Extracted entries Block Start
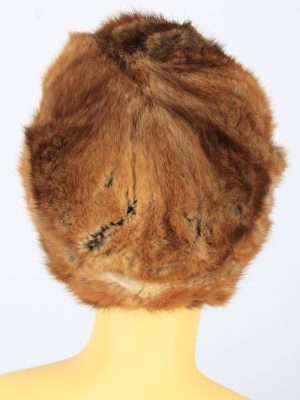 Russian Fur Cossack Hat Vintage Womens 1980s Brown -HAT1678-150549
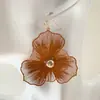 Aretes de Flor de Metal Coloridos Estilo Vacacional Dopamina Florales Transfronterizos Europeos y Americanos Yongge Jewelry Venta al por Mayor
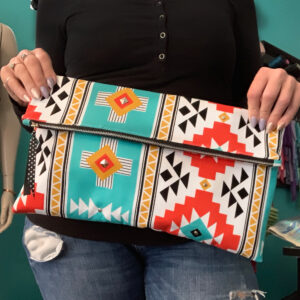 Shine Your Heart Oversized Clutch Aztec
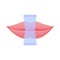 Mouth taping sleep strip over lips icon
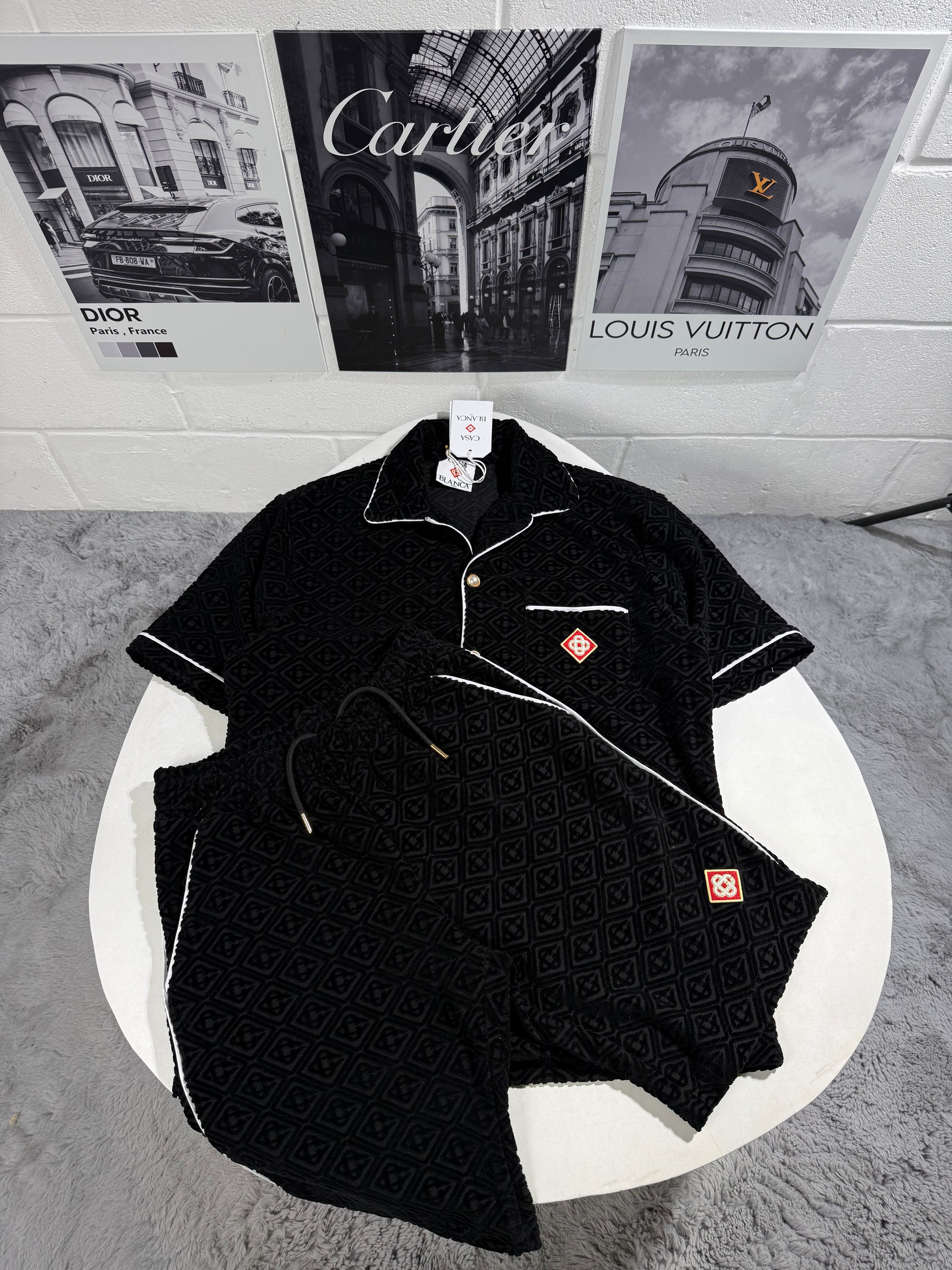 CASA MONOGRAM SHORTSET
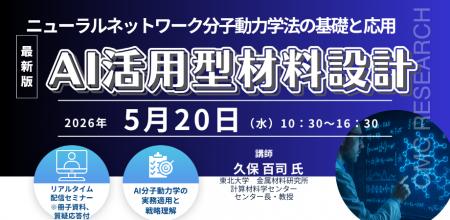 【ライブ配信/ZOOM】「ニューラルネットワーク分子動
Extracted entries Block End
Please output exactly the lines from the line containing "Mouth taping sleep strip over lips icon" through the last line of the records above, both included, and leave out any pictures.

**Task answer**
 Mouth taping sleep strip over lips icon
 CASA MONOGRAM SHORTSET
 【ライブ配信/ZOOM】「ニューラルネットワーク分子動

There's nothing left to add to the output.